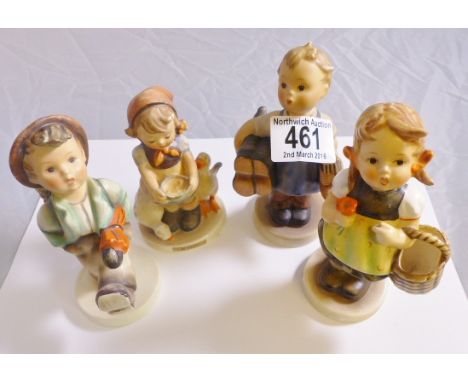 FOUR GOEBEL FIGURINES. Four Goebels boy and girl figurines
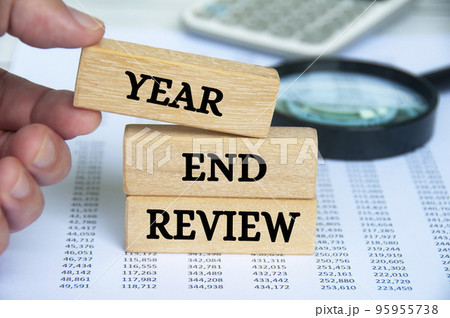 Year end review text on wooden blocks. Year end review and business concept. Year end review text on wooden blocks. Year end review and business concept. 95955738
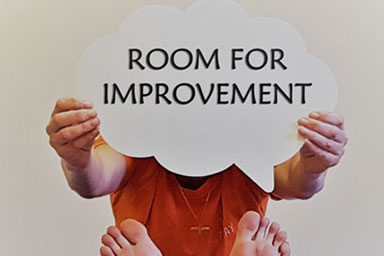 Someone holding a 'Room for Improvement' sign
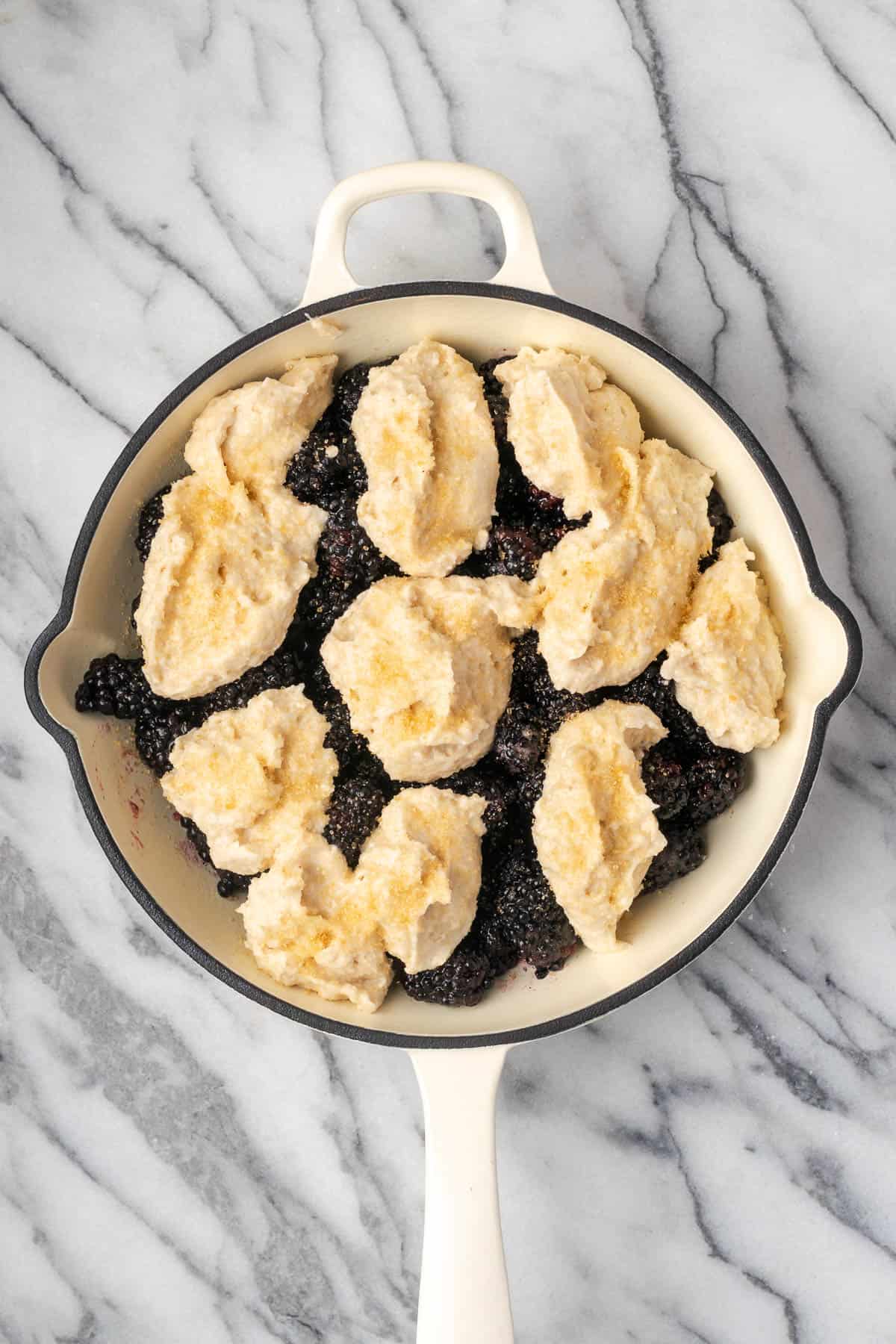 A unbaked blackberry cobbler sitting on a marble counter.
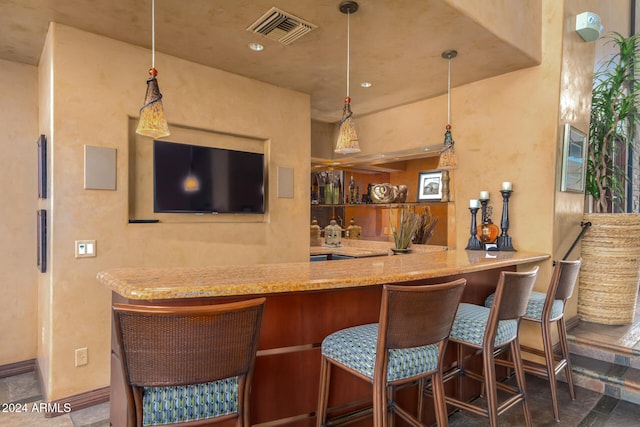 bar featuring baseboards, visible vents, hanging light fixtures, indoor wet bar, and recessed lighting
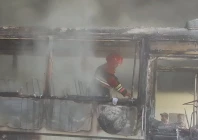 a rescue service official dousing the blaze inside a bus at the government college women university faisalabad on september 30 2026 photo express a rescue service official dousing the blaze inside a bus at the government college women university faisalabad on september 30 2026 photo express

* [TASK PROMPT]: With pictures left out, transcribe each line from the one containing "A unbaked blackberry" through the end of the data, both ends included.

* [EXERCISE SOLUTION]:
 A unbaked blackberry cobbler sitting on a marble counter.
 bar featuring baseboards, visible vents, hanging light fixtures, indoor wet bar, and recessed lighting
 a rescue service official dousing the blaze inside a bus at the government college women university faisalabad on september 30 2026 photo express a rescue service official dousing the blaze inside a bus at the government college women university faisalabad on september 30 2026 photo express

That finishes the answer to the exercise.